“So the idea is, we’re supposed to shoot each other, right?” Edgar said.
I nodded. “Looks like it. I don’t see anybody else we can shoot around here.” I shifted in search of a more comfortable position on the mossy rock, but no matter how much I wiggled my butt, the mossy rock refused to turn into a cushioned chaise longue. “They did the same thing, what, eight years ago? When they chose that married couple to be the Hunters.”
“At least they dumped those two on a tropical island.” Edgar sat on a log across from me, rifle across his knees, bright orange bulletproof vest doing nothing good at all for his complexion. Apart from the vest, he was dressed in street clothes, just like me, though his shoes were shinier and even less suited to tromping through this heavily wooded wilderness than my running shoes were. “They got to float in the pure blue waters before they tried to murder each other.”
“Are we, ah . . . I mean . . .”
Edgar shook his head. “I can’t shoot you, Gary. Even if I did, I don’t think I could live with myself afterward, not for all the cash and prizes in the world. If it comes to it, you should shoot me. I’d rather have you alive than be alive myself without you.”
“You say the sweetest things,” I said. “And ditto.”
“I mean it, Gary. If it’s you or me, I pick you—”
I shook my head. “Nope. That’s off the table. Just move on. So, instead, what? We just wait it out, and when the Gamekeeper comes tomorrow morning, we let him execute us both together?”
“Go out holding hands, and kid ourselves that we’ll become martyrs or revolutionary symbols or something, the power of love conquering self-preservation?”
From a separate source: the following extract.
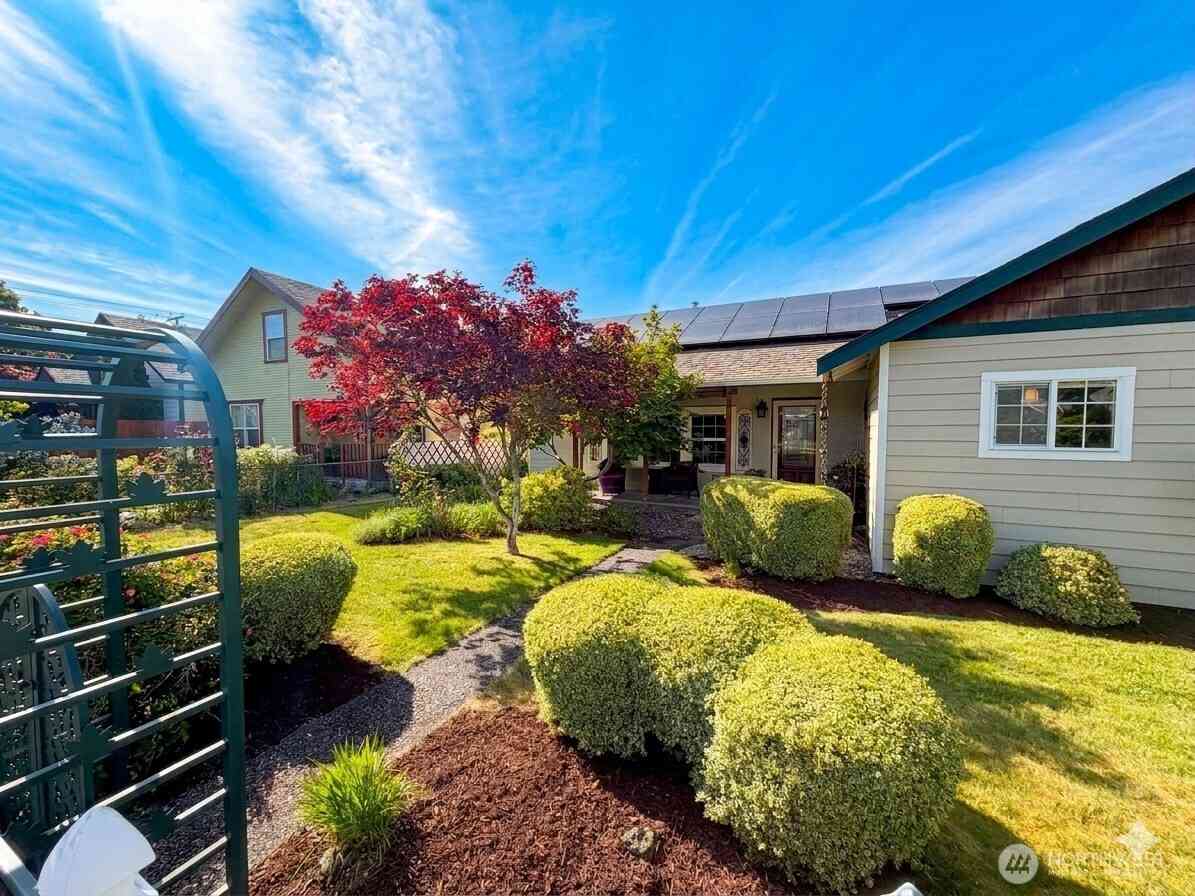 Homes For Sale - 260 Lincoln Avenue<br/> Tenino, WA 98589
We both sighed, simultaneously. Our thoughts often ran along similar lines. It was one reason we’d stayed together after what should have been a drunken one-night stand all those years ago. “At least if we die that way, we’re just victims of the brutal, oppressive oligarchy, and not traitors to our own hearts,” Edgar said.
“Nice one,” I said. Edgar wrote listicles for websites for a living—“9 Ways to Blow Her Mind in the Kitchen!” and the like—so he was good at pithy turns of phrase. I was the more blue-collar of the two of us, which meant I occasionally had to leave my desk to do my work: I serviced Internet connections and made sure the oligarchy’s snoopware was running properly.
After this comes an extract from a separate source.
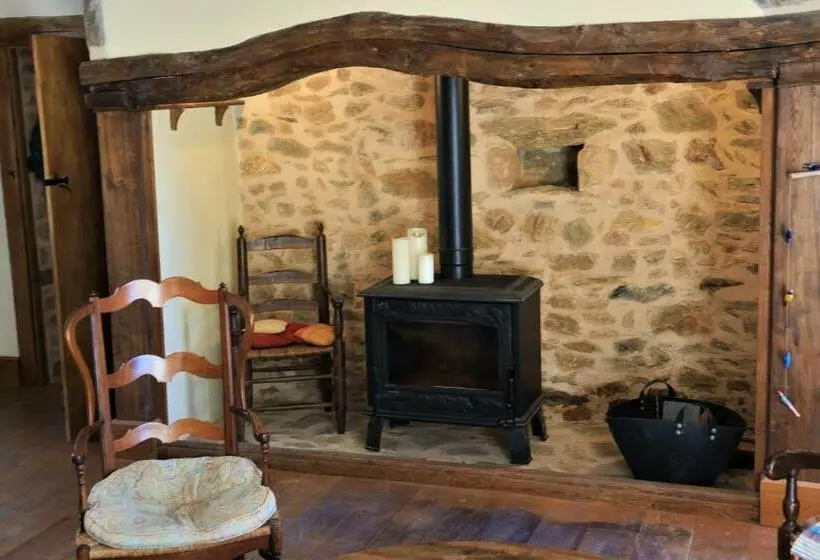 ベッドアンドブレックファースト Le Cottage Du Séquoia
“You want to just have sex until death comes for us?” I asked. I wondered if that green stuff over there was poison ivy. We never even went camping.
Edgar looked up at the hovering camera-orbs, which were also loaded with nonlethal (and, eventually, lethal) countermeasures designed to keep us from leaving the field of play. “You know I have trouble doing it with people watching. Even people watching through floating cameras. Besides, I don’t want to give them the satisfaction, you know? I’d rather my last hours alive not be used to get people to sign up for a gay porn site next week.”
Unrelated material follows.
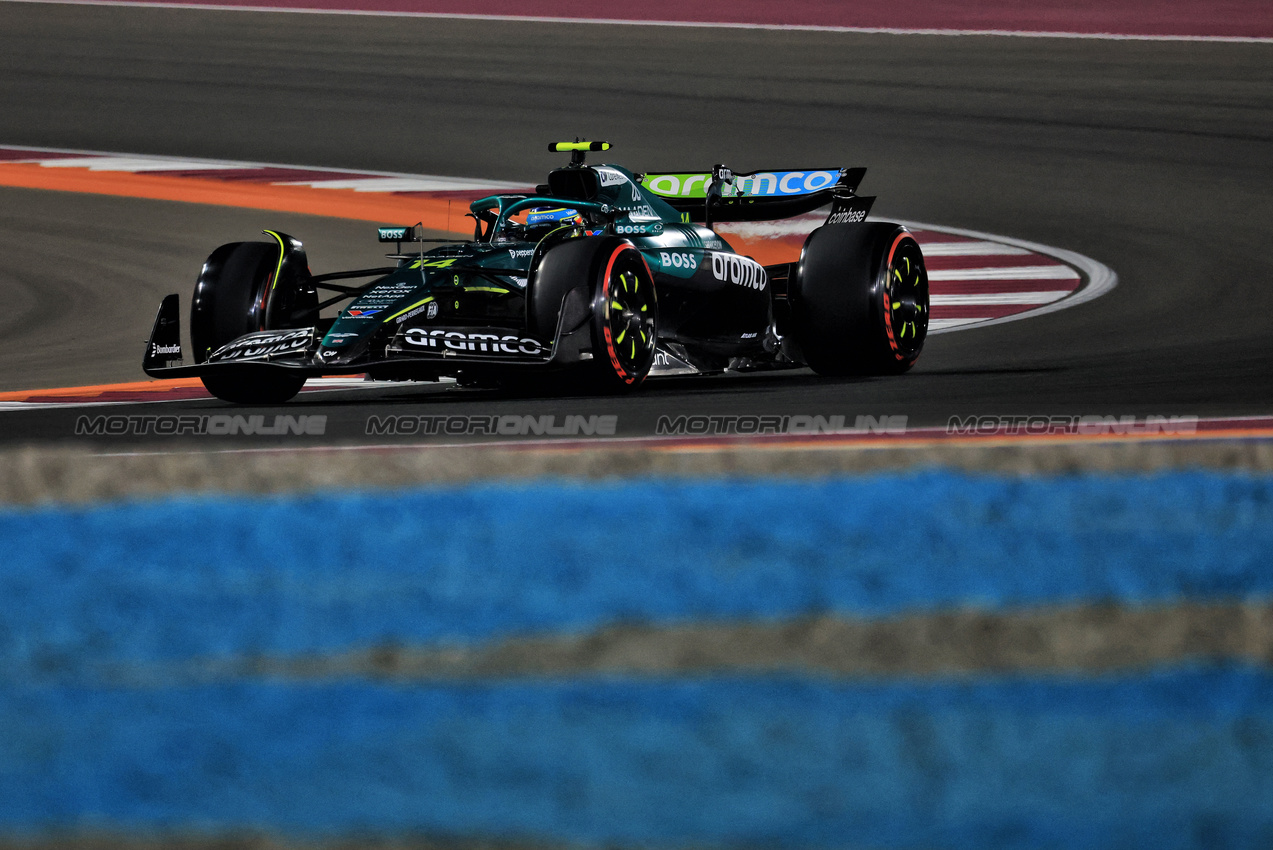 GP QATAR, Fernando Alonso (ESP) Aston Martin F1 Team AMR25.

28.11.2025 Formula 1 World Championship, Rd 23, Qatar Grand Prix, Doha, Qatar, Sprint Qualifiche Day.

- www.xpbimages.com, EMail: requests@xpbimages.com © Copyright: Moy / XPB Images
“Then we might as well walk around for a while,” I said. “We’ve got almost a full day. Who knows, maybe there are a couple of off-the-grid hermits living in these woods.”
“We can dare to dream.” Edgar rose, cradling his rifle awkwardly. “Where do you think we are, anyway? The northwest zone?”
“Mmm. Maybe. The air’s pretty crisp, though. Probably part of old Canada, or maybe—what was it called, Alaska?”
“Probably not a lot of hermits around here, then,” he said. “They’d die the first winter.”
“Oh, well. It’s been ages since we went hiking.”
“It’s not a bad way to spend the last day of your life.” He spat in the direction of one of the floating orbs, and it bobbed out of the way. “At least we can make sure the show is boring.”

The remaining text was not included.